**Task objective**
Restate word for word the lines in the listing below, starting at the line containing "Mazda Tribute, 2003 — 照片 10" and ending at the line containing "Volvo V40 Cross Country - 1", both included; leave out the rest.
Task inputs below:
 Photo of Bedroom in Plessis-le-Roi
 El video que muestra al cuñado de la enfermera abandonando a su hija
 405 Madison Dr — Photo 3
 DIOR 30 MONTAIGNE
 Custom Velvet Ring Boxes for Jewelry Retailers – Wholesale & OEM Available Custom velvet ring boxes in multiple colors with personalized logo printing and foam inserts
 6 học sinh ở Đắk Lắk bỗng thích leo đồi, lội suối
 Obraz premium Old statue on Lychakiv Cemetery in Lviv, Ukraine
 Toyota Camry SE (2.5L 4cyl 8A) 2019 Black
End of Task inputs.
Task inputs below:
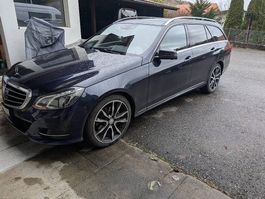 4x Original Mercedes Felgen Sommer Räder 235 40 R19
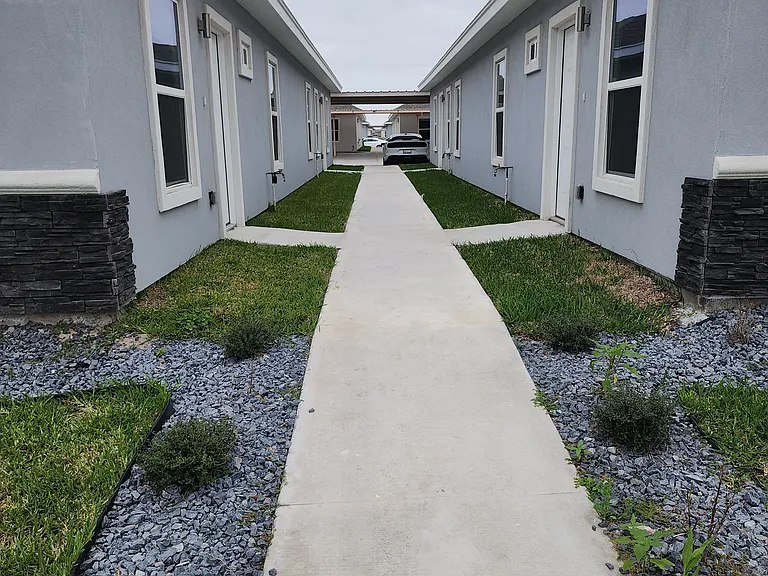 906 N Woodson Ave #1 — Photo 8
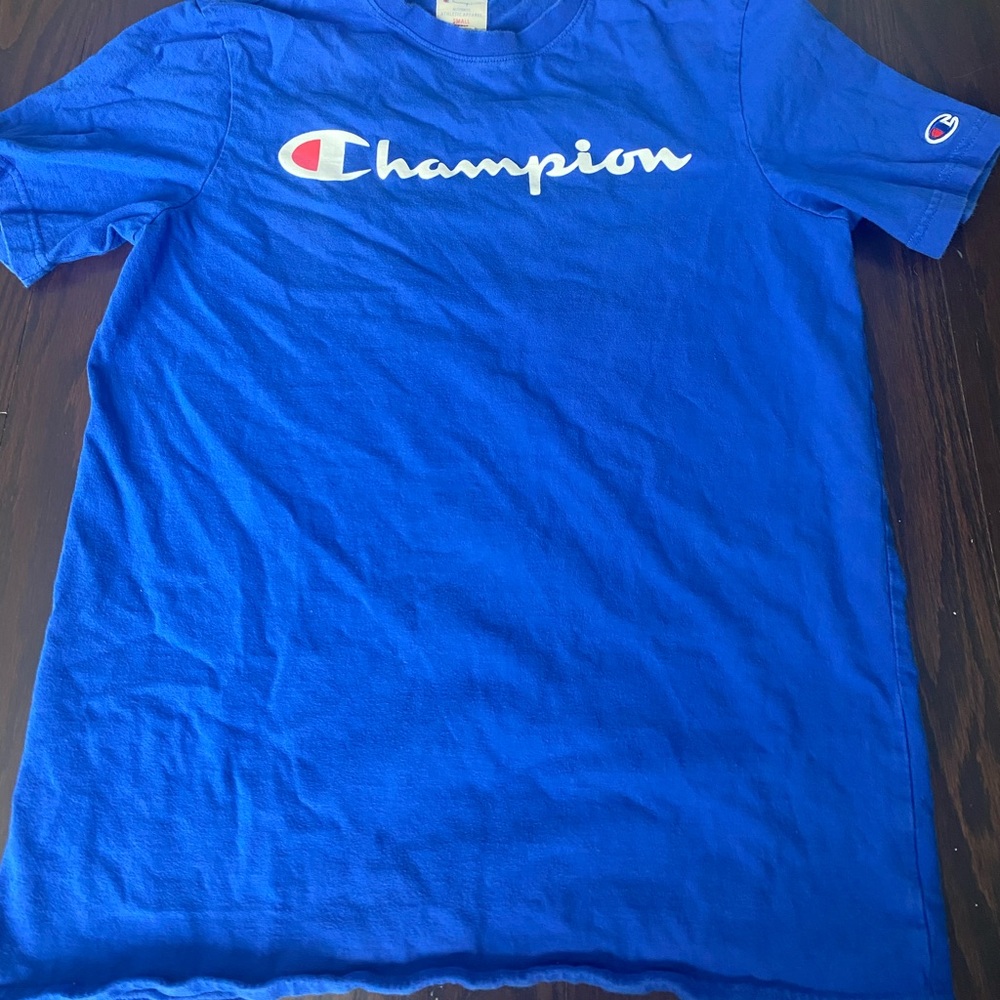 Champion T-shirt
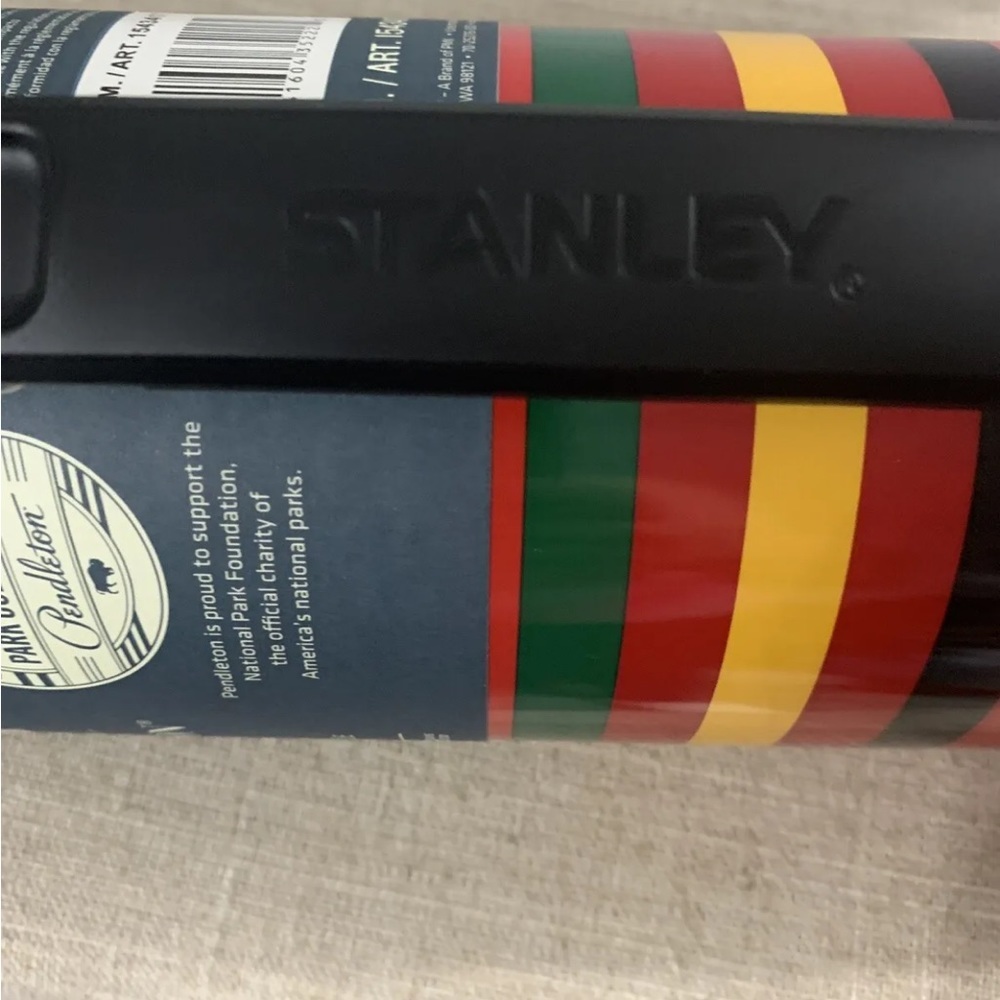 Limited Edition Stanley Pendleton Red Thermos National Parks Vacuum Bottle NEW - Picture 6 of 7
End of Task inputs.
Task inputs below:
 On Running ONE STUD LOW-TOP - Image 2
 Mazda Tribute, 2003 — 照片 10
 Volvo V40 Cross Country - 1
End of Task inputs.
**Solution**
 Mazda Tribute, 2003 — 照片 10
 Volvo V40 Cross Country - 1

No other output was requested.